Back when we first converted our Miata from CSP to STS2 trim, we discussed the use of Delrin bushings. We also talked about the maintenance requirements in our "recipe" installment a couple of months ago. Well, its that time of year again and here's the saga of our latest bushing rebuild.

Delrin is a wonderful substance that is self-lubricating and requires little maintenance. Unfortunately, the sleeves that are typically used inside of a Delrin bushing will rust when exposed to the elements. This can be minimized by using a lubricant as a sealer, but this maintenance must be done at least once a year if your car sees significant wet weather. Since we are about to embark on a six week trip to national events in California, we've just taken the time to go through and rebuild all of our bushings. Its a straightforward process of removing the mounting bolts for each to slide the sleeve out, cleaning & lubing it, then reinserting and tightening the whole thing back up.
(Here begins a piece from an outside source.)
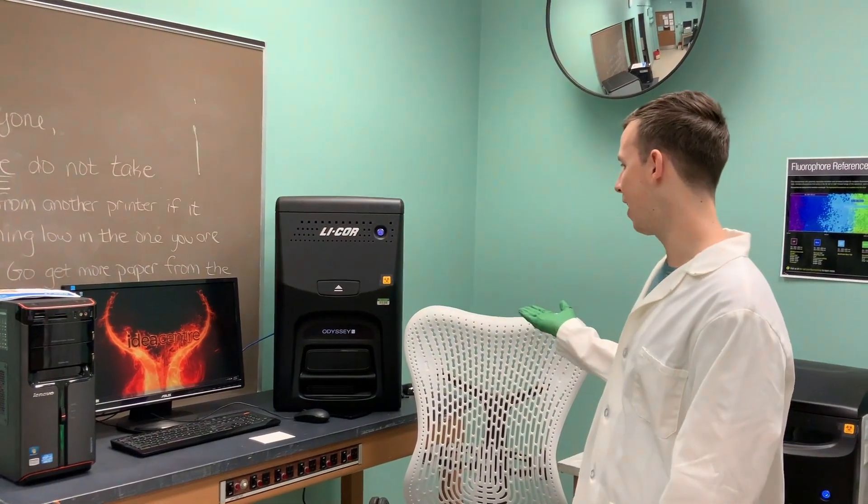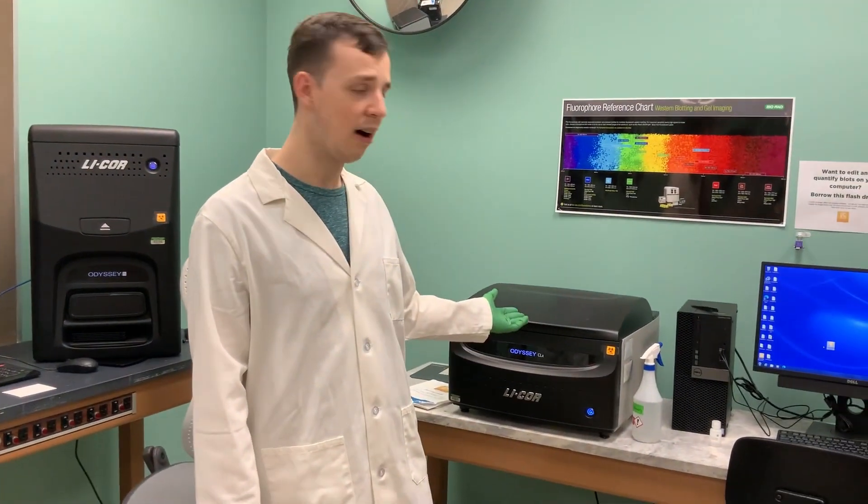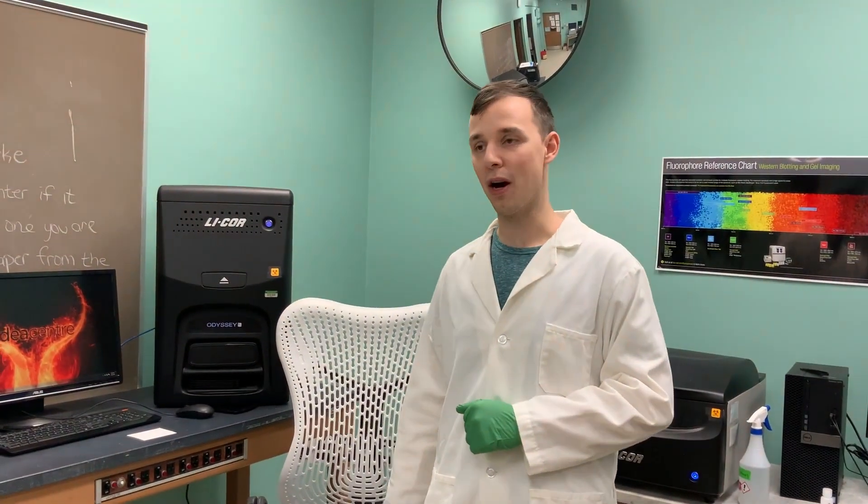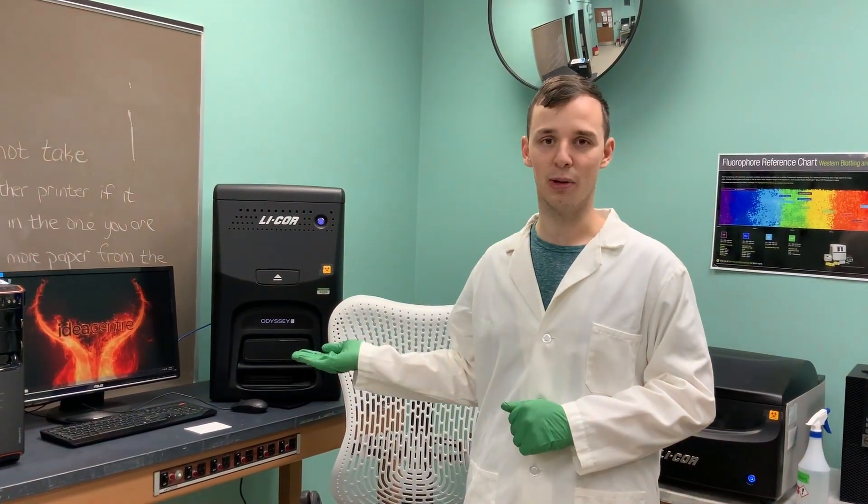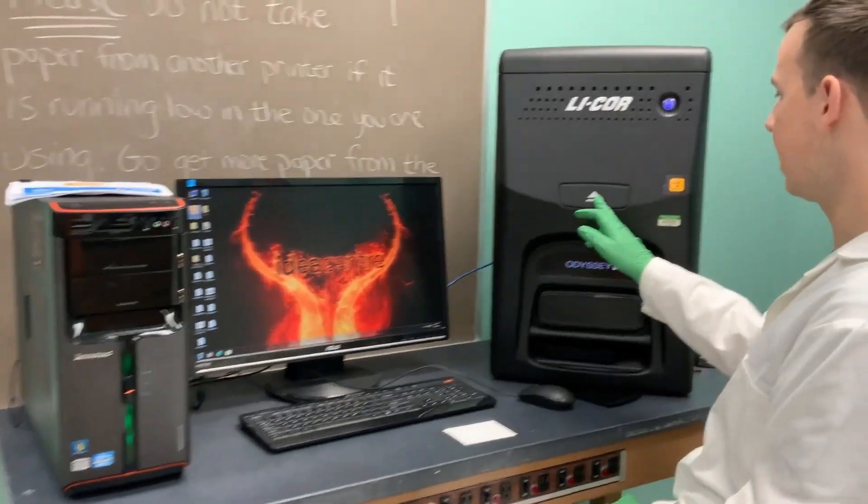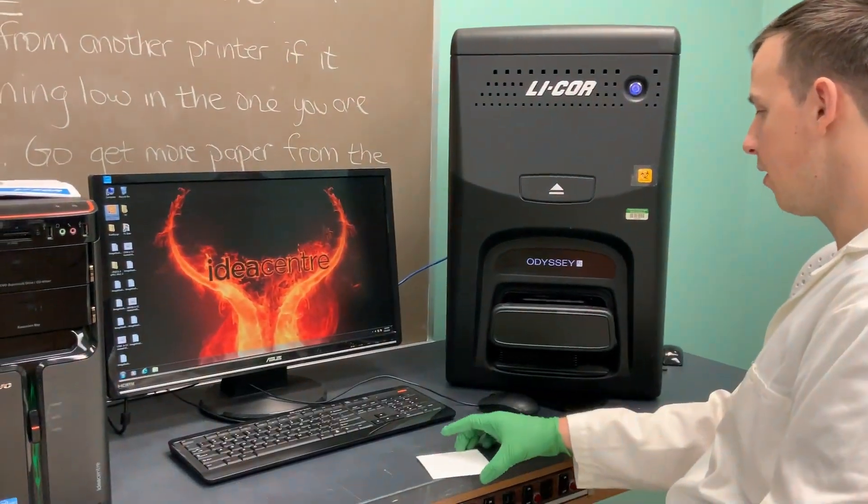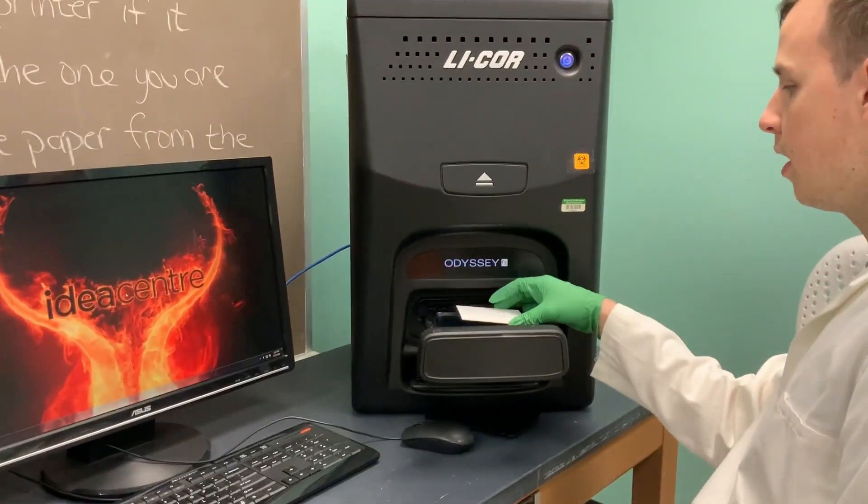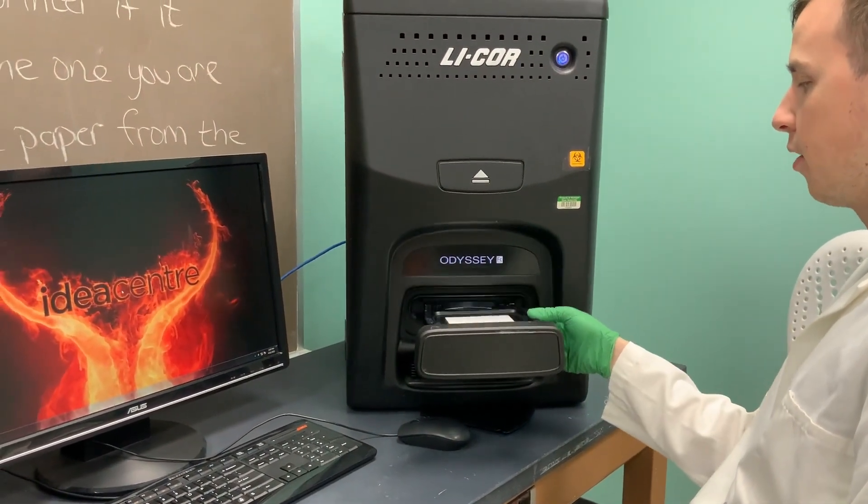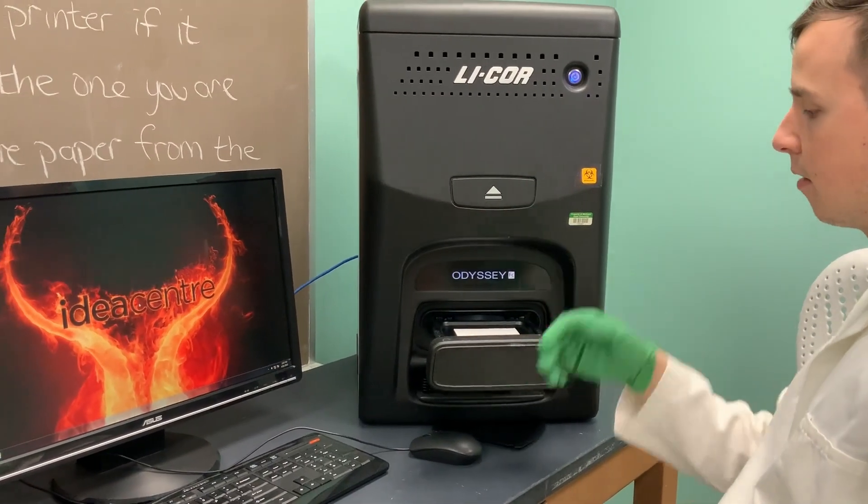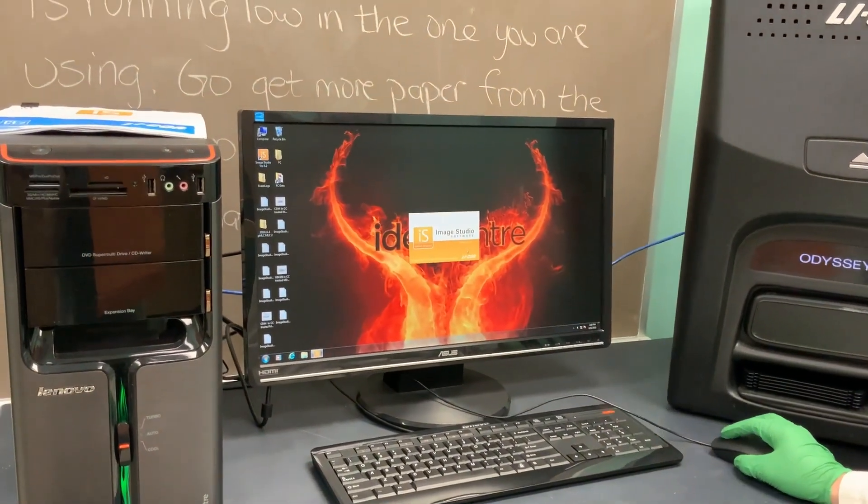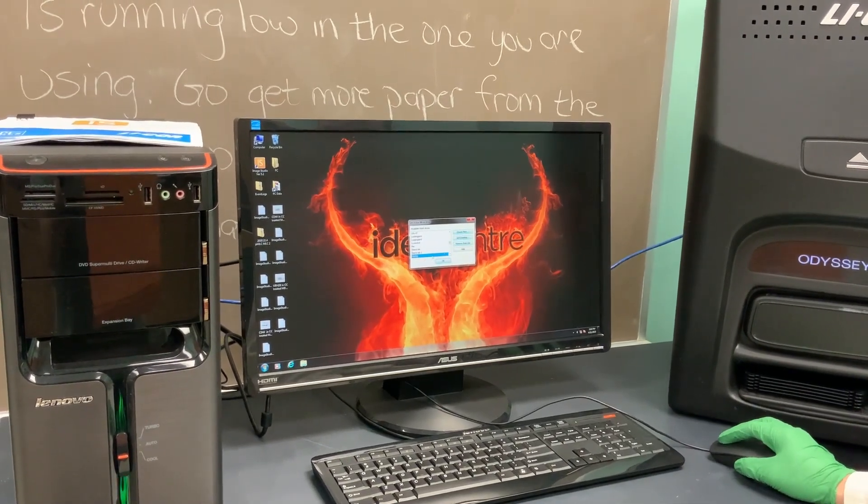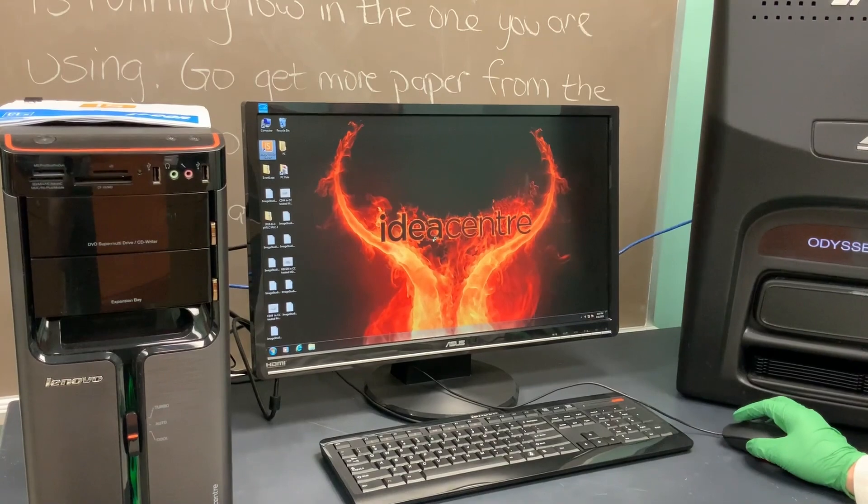We're going to talk briefly about how to use this LI-COR Odyssey FC system, very similar to the CLX. A lot of people in our department use this for blots that they have labeled with chemiluminescent. We can hit this eject button. Unlike the CLX, there's no selection region. You just use one of these trays, and there's usually already one in here. You just place your blot in the center. We can open the software and create a new workspace for you or open your or your lab's existing workspace.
That said, some sleeves are more straightforward than others. In our case, several showed significant rust. Left unchecked, the rust builds up, removing the proper bearing clearance, and the sleeve begins to drag and then bind up. In one case (see pic), the sleeve was completely bound and the bushing was rotating inside the control arm instead. Yikes! Some fine grit sandpaper makes quick work of the rust and a liberal coating of white lithium grease provides a good seal against further problems.

One hint on removing the huge bolt on the front upper control arms: You can get this out quite easily by first backing out the rearmost of the two sway bar frame mount bolts (12mm heads) until the backside is flush with the bracket. Now, the big a-arm bolt will slide right out underneath the bracket.

Before removing the lower bushings, we marked all of our alignment cams so we could reinstall them in the original positions and keep our aligment close. Still, we will visit our man Bill Kim at Soulspeed to get it perfect for the start of the season.

Lately, we've been having some issues with clunking under turn loads and each time it has proven to be a loose front lower camber adjustment bolt/nut. This is a very common problem in Miatas as the adjusters wear over the years. It shows up a lot on cars that have had frequent alignments, and ours certainly has been down that road. You can see in the pictures several problems which can occur, all of which were exhibited by one of ours. The original design has an eccentric cam with a D-shaped hole. The D gets rounded with use and it no longer stays indexed to the front cam. The front cam is held onto the bolt with a thin set of splines, which can be stripped. With both of these problems combined, our cams were 90 degrees out of phase! This puts tremendous twisting stress on the mounting bolt which explains why it kept coming loose.

Mazda has a redesigned part which has thicker cams for more spline engagement, finer threads for better nut retention, a double-V index in the cam for more working surface and tighter indexing, and an eccentric locknut to keep it from backing off. We recommend these parts be fitted at least in the forward positions of the front lower control arms, since that position takes the most stress in a corner. Best of all, they are relatively inexpensive.

Now our Miata should hold its alignment much better and our suspension will work as designed. You can add all the go-fast parts to your car that you want, but without proper maintenance on the basics, its a waste of time and money.

On to San Diego, El Toro and Atwater!